Chow was also arrested on the morning of 4 June last year over two pieces she published calling on residents to light candles and mark the crackdown anniversary.

On Tuesday, a court sentenced her to 15 months in jail after ruling that her articles amounted to inciting others to defy the police ban.

“The message this verdict sends is that lighting a candle is guilty, that words are guilty,” Chan told the court.

“The only way to defend free speech is to continue to express,” she added.

“The real crime is to cover for murderers with laws and to delete victims in the name of state”.

Hong Kong was formerly the only place in China where mass commemoration of Tiananmen was tolerated but Beijing has been remoulding the city in its authoritarian image after huge and sometimes violent democracy protests in 2019.

History erased

Chow has proved an outspoken defendant throughout her prosecutions.

She used her mitigation on Tuesday to read from the memoirs of families of people killed at Tiananmen.

That sparked a dressing down from magistrate Amy Chan, followed by applause among some in the public gallery.

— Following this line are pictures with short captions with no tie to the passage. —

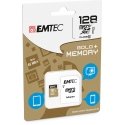 Emtec microSD Class10 Gold+ 128GB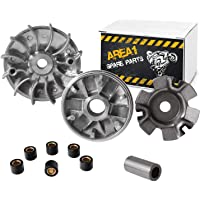 Juego de variador SYM Fiddle 2- VS- Symphony- X-Pro- Megalo- Jet 4 (125-150 ccm)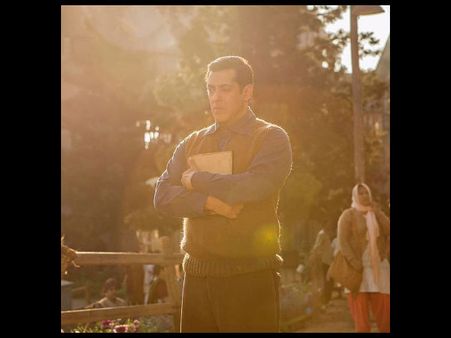 સલમાન ખાનનું પાત્ર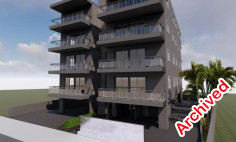 Three apartment for sale in Kaimakli
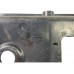 Moldura Inferior Painel Instrumentos Vw Gol Voyage Bx 1983 Preto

Chan then ordered police to take down the identity numbers of those who had applauded.

“The law never allows anyone to exercise their freedom by unlawful means,” Chan ruled.

“She (Chow) was determined to attract and publish attention for the purpose of calling on the public to gather,” she added.

During sentencing, magistrate Chan said Chow was “self-righteous”, showed no remorse and used the courtroom to air her political views.

Chow was already serving a 12 month sentence for her earlier Tiananmen-related conviction but she will now be jailed for 22 months in total under the court’s new calculation.

She has also been charged for national security crimes which carry up to life in prison.

Hong Kong Alliance leaders, including Chow, are among dozens of activists being prosecuted under the national security law which has criminalised much dissent.

A museum the group ran has been shuttered while multiple statues commemorating June 4 have been pulled down in recent weeks from university campuses.

An official campaign has also been launched to purge the city of “anti-China” elements and people deemed unpatriotic.

School and university courses are being rewritten to foster greater patriotism towards China while critical media outlets have raided by police and have shuttered.

In mainland China, censors have long scrubbed what happened at Tiananmen Square, both online and in the real world.